Unlike traditional computers that store information in two states -- ones and zeros -- quantum computers store information at the atomic level, under the rules of quantum mechanics.
That's important because a fully functional quantum processor could change the way we communicate, increasing the performance of computers.
But David Awschalom thinks building a quantum computer remains a dream out of reach.
That doesn't mean he isn't trying. The director of the Center for Spintronics and Quantum Computation, Awschalom tasked his team at University of California Santa Barbara to develop a way to control the quantum state -- a step in the right direction toward that goal. The researchers showed they can measure quantum activity without destroying it.
One favorable aspect of quantum information is security -- the data can’t be replicated, promising more secure bank transactions and even improvements in drug design.
I spoke with Awschalom about how his team controlled the quantum state -- and why quantum computing still has a long way to go before it's ready to change our everyday lives.
SmartPlanet: So can you build a quantum computer?
The idea of quantum computing is still a vision. If such a computer could be built, there are certain kinds of computations that it could do much, much faster than regular digital computers. Examples are searching databases, factoring large number and a few others. Some of these problems would take a lifetime on a conventional computer.
SmartPlanet: What will quantum computers be made of?
These defects within diamond could someday form the individual bits of a quantum computer – solid state qubits. They may also form only a specialized part, like memory bits or a way to transform quantum states into light: a type of quantum transducer. We are a very long way from actually building a full-scale computer; our experiment works with only one bit and one photon as a proof of concept experiment.
SmartPlanet: When you combined laser light with trapped electrons to detect and control the electrons' fragile quantum state without erasing it. How exactly did you do this?
The atom-sized diamond defect that we study can absorb light of precisely the right wavelength. If the wavelength is tuned away slightly, it turns out that the photons that pass by the defect can actually interact with the electrons without being absorbed.

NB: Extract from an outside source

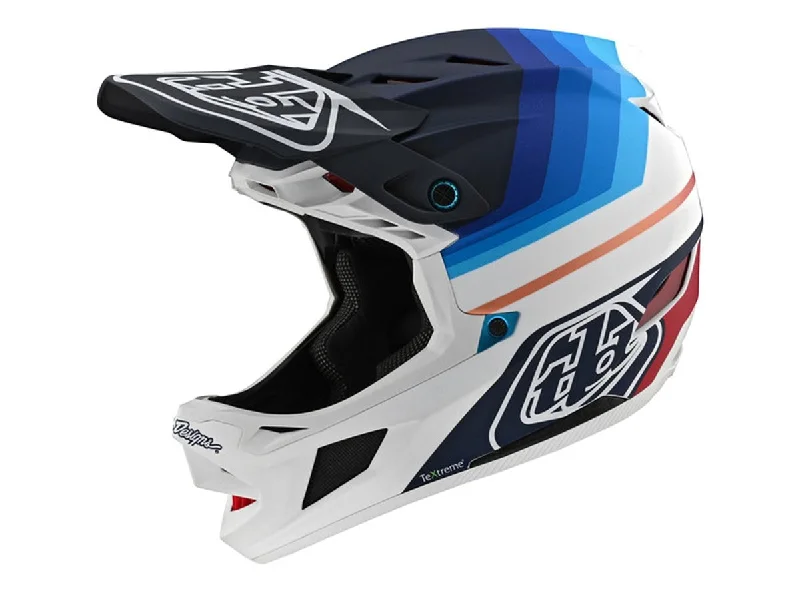 Bicycle helmet bald head-Troy Lee Designs D4 Carbon Full Face Helmet - Mirage - Navy-White - 2020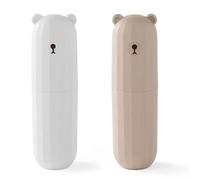 Boîte De Brosse À Dents 2 Pièces, Seau De Brosse À Dents De Dessin Animé Simple, Boîte De Rangement De Brosse À Dents, Boîte De Rangement Multifonctionnelle, Voyage Et Camping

This is quite unusual. That novel interaction produces a measurable change in both the light passing by, and the quantum state of the electrons within the defect.
SmartPlanet: What did you do?
Our experiment was aimed to do precisely that: we focused laser light onto the defect and, after the light had passed through, separately measured both the light and the electrons. We found that we could measure quantum properties of the electrons without erasing their state by measuring the light. We also found that the light could be used to control certain quantum properties.
What was the point?
This experiment was hatched from an effort to understand the quantum properties of these diamond-based defects.
SmartPlanet: Why is preserving quantum states important?
The quantum states encode the information within the bits. Unfortunately, however, they are very fragile.
One of the major obstacles is finding ways of preserving them while the computer is running. This is one of the intriguing aspect of quantum physics: the act of observing a state changes the state; to exploit the unique properties of quantum mechanics we need to find new schemes to measure physical properties of matter.
SmartPlanet: Why is it that information can never be copied in quantum computers?
This is a unique property of quantum states. They can be measured, but not ‘cloned’ or copied. The act of copying them intrinsically changes the original. This might be useful for secure communication, since the person receiving the message would know if it was intercepted and read.
SmartPlanet: How do you see your tool being applied in 5 to 10 years? How might something like this change computing or current communication systems?
Our experiment provides a method of using light to control and measure the quantum state of diamond defects. It may be also extended to do long-distance communication of quantum states, providing the possibility of building a quantum repeater.
Just as digital signals need a ‘repeater’ to amplify and re-broadcast over a long distances, quantum signals based on light also have a limited range unless they can be re-broadcast. This is a vital component of future quantum networks.